In a statement, Mazza said, “This is an important and unexpected finding as it is one of the first recorded documents to use magic in the Christian context, while the first charm ever found to refer to the Eucharist – the Last Supper – as the manna of the Old Testament”.
Papyrus shows how Christians incorporated the ancient Egyptian practice of wearing amulets to protect the wearer against dangers. This practice of writing charms on pieces of papyrus was carry forward by the Christians who replaced the prayers to Egyptian and Greco-Roman gods with extracts from the Bible.
The Greek text is an original mix of biblical passages including Psalm 78:23-24 and Matthew 26:28-30 among others and the translated text on the papyrus reads:“Fear you all who rule over the earth. Know you nations and peoples that Christ is our God. For he spoke and they came to being, he commanded and they were created; he put everything under our feet and delivered us from the wish of our enemies. Our God prepared a sacred table in the desert for the people and gave manna of the new covenant to eat, the Lord’s immortal body and the blood of Christ poured for us in remission of sins.”
Creases are clearly visible on the fragment, Mazza said, suggesting the papyrus was folded into a rectangular packet measuring 3 by 10.5 centimeters (1.2 by 4.1 inches), and may have either been placed in a box at home or worn around a person’s neck.
The almost illegible text says that it was released in the village of Tertembuthis (modern el-Ashmunein) and is a receipt for the payment of grain tax which was certified by the tax collector from the village. Therefore we may reasonably guess that the person who re-used the back for writing the amulet was from that same village or the region nearby, although we cannot exclude other hypotheses,’ Mazza told.
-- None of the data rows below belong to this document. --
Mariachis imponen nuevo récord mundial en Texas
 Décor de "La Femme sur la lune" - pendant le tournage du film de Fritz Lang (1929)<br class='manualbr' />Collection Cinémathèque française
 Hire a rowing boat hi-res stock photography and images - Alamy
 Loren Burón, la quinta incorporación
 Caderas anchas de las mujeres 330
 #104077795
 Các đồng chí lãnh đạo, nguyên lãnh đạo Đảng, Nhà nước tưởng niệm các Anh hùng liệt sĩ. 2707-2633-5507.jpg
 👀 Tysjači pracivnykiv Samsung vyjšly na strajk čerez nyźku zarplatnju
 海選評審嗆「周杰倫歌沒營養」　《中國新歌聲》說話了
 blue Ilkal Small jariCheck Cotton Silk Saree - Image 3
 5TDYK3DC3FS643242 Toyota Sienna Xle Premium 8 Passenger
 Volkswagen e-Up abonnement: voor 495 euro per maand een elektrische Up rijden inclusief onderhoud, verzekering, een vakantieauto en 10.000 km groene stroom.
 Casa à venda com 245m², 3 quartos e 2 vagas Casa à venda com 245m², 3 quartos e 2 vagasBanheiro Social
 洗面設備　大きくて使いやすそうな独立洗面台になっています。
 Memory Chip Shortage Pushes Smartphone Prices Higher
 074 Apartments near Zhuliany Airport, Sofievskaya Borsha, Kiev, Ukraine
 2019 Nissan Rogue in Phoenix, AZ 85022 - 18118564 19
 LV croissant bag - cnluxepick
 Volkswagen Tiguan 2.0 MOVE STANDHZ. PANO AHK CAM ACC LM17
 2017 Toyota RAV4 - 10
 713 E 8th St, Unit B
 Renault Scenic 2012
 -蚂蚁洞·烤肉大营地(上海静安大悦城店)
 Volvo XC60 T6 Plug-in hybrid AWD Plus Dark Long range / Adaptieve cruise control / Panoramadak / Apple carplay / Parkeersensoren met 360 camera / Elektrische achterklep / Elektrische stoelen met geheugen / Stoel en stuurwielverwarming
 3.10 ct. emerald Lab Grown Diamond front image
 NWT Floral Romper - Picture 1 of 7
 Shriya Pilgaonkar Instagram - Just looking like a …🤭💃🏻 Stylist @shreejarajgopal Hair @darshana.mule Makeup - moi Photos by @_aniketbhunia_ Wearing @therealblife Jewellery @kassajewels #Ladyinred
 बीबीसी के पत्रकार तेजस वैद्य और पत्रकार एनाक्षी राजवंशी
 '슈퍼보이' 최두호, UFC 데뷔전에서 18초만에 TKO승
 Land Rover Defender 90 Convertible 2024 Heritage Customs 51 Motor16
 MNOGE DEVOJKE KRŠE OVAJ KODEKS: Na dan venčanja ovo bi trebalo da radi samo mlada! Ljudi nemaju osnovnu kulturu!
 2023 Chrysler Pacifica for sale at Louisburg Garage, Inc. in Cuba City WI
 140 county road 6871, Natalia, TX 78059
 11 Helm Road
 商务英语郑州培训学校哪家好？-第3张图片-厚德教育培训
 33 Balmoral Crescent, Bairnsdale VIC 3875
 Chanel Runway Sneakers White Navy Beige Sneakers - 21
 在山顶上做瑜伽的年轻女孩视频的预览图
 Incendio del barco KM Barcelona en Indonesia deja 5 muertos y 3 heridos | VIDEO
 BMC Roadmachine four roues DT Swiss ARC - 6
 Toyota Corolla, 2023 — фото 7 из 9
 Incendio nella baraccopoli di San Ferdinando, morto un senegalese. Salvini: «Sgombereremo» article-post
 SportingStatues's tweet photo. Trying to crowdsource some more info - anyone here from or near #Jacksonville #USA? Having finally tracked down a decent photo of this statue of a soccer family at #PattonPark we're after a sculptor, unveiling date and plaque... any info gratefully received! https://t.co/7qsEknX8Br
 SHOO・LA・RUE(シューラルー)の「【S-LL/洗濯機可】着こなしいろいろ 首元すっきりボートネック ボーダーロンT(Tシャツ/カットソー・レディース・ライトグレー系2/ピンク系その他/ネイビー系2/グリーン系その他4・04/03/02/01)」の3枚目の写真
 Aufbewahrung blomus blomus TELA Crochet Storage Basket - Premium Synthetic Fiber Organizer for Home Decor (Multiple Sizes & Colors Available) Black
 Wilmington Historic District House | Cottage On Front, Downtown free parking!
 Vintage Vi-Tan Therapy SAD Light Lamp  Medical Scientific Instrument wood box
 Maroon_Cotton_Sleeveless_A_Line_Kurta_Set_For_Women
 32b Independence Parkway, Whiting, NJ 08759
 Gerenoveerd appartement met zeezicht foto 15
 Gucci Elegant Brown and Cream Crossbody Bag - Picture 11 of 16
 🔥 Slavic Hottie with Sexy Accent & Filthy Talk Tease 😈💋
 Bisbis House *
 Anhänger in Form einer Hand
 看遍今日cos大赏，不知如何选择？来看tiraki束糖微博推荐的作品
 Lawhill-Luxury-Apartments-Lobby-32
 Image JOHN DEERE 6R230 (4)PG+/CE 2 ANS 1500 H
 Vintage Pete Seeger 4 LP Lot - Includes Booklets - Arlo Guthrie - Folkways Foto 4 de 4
“The amulet maker would have cut a piece of the receipt, written the charm on the other side and then he would have folded the papyrus to be kept in a locket or pendant. It is for this reason the tax receipt on the exterior was damaged and faded away,” said Dr Mazza, who announced the discovery on 4 September at a conference entitled ‘From Egypt to Manchester: Unravelling the John Rylands Papyrus Collection.’
Mazza said it was “doubly fascinating because the amulet maker clearly knew the Bible, but made lots of mistakes”.
Some words are misspelled and there are other errors, so it was likely written from memory (and shows that “ordinary people” believed in Christianity, not just the “elite).”